I know a lot of different friends who are happily married. Republicans and Democrats. Catholics and Hindus. Dog-lovers and Cat-lovers. Rich families and not-so-rich. Even Ohio State and Michigan alumni! However, I recently met a recently-engaged guy from Washington who was sharing his wedding worries. Here’s the short version:
- He is from a middle-class family in a rural area. She is from an upper class family in the posh area of town.
- He currently earns $30,000 a year. In a couple of years, he will probably make double that. She currently makes around $30,000 per year, with limited upside potential.
- She has stated that she needs a $20,000 engagement ring, as that is what all her friends are getting. He’s been saving for a while…
- She will not let her kids go anywhere else but the same private school that she attended. Current annual tuition: $15,000.
- How rich is her family? She recently “found” 1,000 Euros laying around in her room (lives at parents’ house), and is now taking a trip to Europe to spend it.

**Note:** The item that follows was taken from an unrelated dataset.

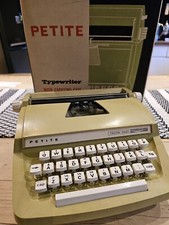 ☆ Lovely Vintage Petite Green Typewriter - Postal Delivery ☆  picture
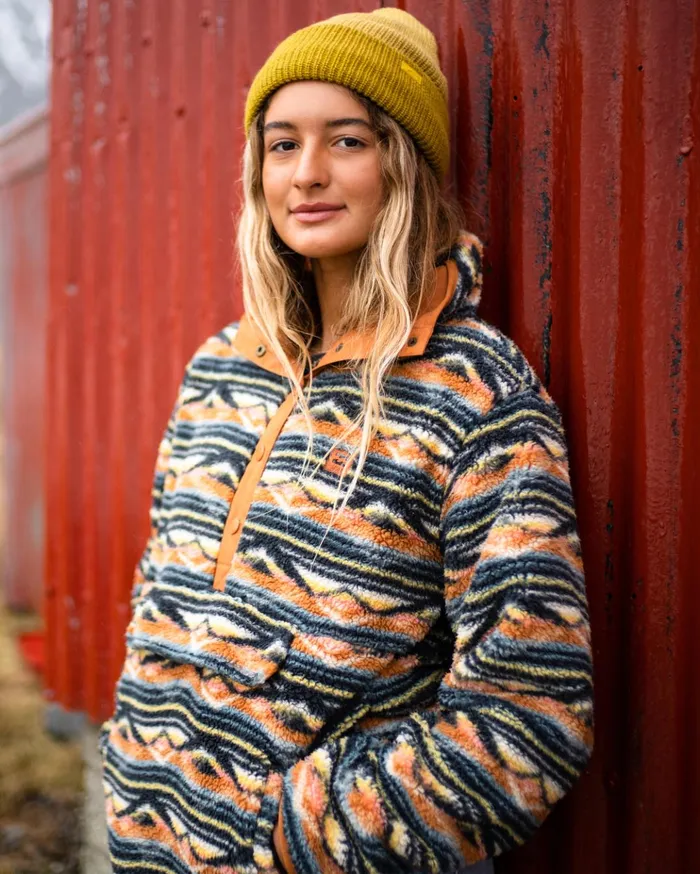 Billabong ADiv Switchback Pullover Mock Neck Sweatshirt Blue Horizon Women Hoodies and Fleece Billabong ADiv Switchback Pullover Mock Neck Sweatshirt Blue Horizon Women Hoodies and Fleece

- His dream wedding is a backyard bar-b-que. Her dream wedding is going to cost $100,000. Her parents will pay for most of it.
When I first heard this story, I thought I was hearing a pitch for a new movie with Jennifer Aniston and Vince Vaughn. But this is their reality, and they do seem in love. Still, I don’t understand it from either side. How can he think they can afford such a lifestyle? How can she think they can afford such a lifestyle? Something’s got to give, and I hope they can work it out.
Is it possible in the real world for love to overcome completely different financial tastes? As I get older, I feel more and more that compatibility in this area is simply too important not to have.
(On a related note, I just have to say that adult allowances have been working great for us as a way to reduce judgments on discretionary spending.)